Ottawa, Canada — An employee of the Royal Canadian Mint has been accused of smuggling nearly 180,000 Canadian dollars’ worth of gold out of the Mint’s Ottawa facility by hiding it in his rectum.
Mint employee Leston Lawrence, 35, of Barrhaven, Ontario, has been charged in Canadian court with multiple smuggling-related crimes, including theft, money laundering, possession of stolen property, and breach of trust.
The gold was in the form of cookie-sized objects called “pucks,” each of which comprised 7.4 ounces of gold. Beginning around November 2014, Lawrence was allegedly able to steal the gold by inserting the pucks into his butt and strolling out of the mint with little suspicion.
The gold did set off the Mint’s metal detectors. But each time when he was checked with a handheld wand, he passed the security test and was allowed to leave.
Lawrence’s alleged gold-in-the-butt scheme continued until mid March 2015, with Lawrence repeatedly stealing pucks in this manner. Reportedly, the Royal Canadian Mint never missed the gold and didn’t even know a theft had occurred.
The accused thief took the stolen gold to a company called Ottawa Gold Buyers, which paid him $6,800 Canadian (about $5180 US) per puck. Ottawa Gold Buyers is located in a strip mall. According to its Website, the company promises to “beat any local competitor’s offers.”
Lawrence supposedly sold puck after puck to Ottawa Gold Buyers over a four-month period, receiving a series of checks that he deposited at a Royal Bank location in the same strip mall. There he asked about having the money transferred overseas, and this aroused the suspicions of a bank teller. When she checked his account data and found he worked for the Mint, she alerted security who contacted the Royal Canadian Mounted Police (RCMP).
Court records show that Lawrence sold or hid in his safety deposit box a total of 18 gold pucks for a combined value of $179,015 Canadian (about $136,000 USD).
During its investigation, the RCMP checked Lawrence’s locker at the Mint. There they discovered a jar of Vaseline. This led investigators and prosecutors to the conclusion that the thief hid the pucks in his anal cavity.
As the investigation began, Lawrence was dismissed from his position as a refinery operator at the Mint.
His trial concluded September 20, when his defense attorney suggested in his closing statement that the fault lay with the mint for its lack of effective security measures. Lawrence’s attorney Gary Barnes said,
“This is the Royal Canadian Mint, your Honour, and one would think they should have the highest security measure imaginable,”
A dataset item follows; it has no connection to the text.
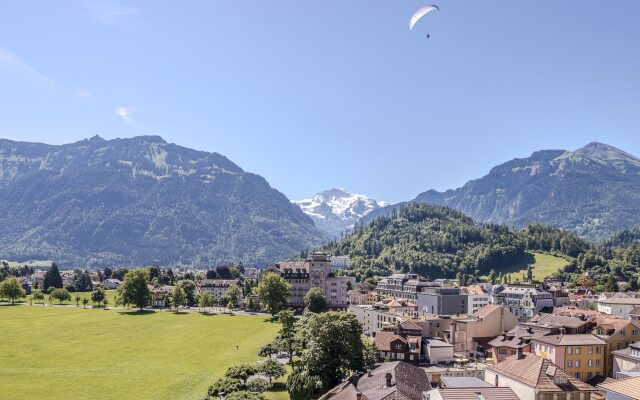 Hotel Metropole Interlaken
Barnes also contended that Lawrence might easily have obtained the pucks legally, and that his client had not attempted to deceive Ottawa Gold Buyers or Royal Bank. Moreover, said Barnes, the Mint had never reported the missing gold:
“In fact, I would submit the Mint doesn’t even know if anything is missing,”
Meanwhile, Crown attorney David Friesen asserted that there was,
“compelling evidence of an individual secreting [gold] on his person and taking it out of the Mint.”
Although the trial is concluded, a verdict in the case is yet to be rendered. Justice Peter Doody — yes, that’s his name, “Doody” — has delayed the final decision until November 9.